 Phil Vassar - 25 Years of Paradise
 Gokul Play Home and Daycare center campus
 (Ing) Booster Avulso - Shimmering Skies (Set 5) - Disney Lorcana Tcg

_What to do_
Give back all of the data exactly, with every line intact.

_Solution to the problem_
 Phil Vassar - 25 Years of Paradise
 Gokul Play Home and Daycare center campus
 (Ing) Booster Avulso - Shimmering Skies (Set 5) - Disney Lorcana Tcg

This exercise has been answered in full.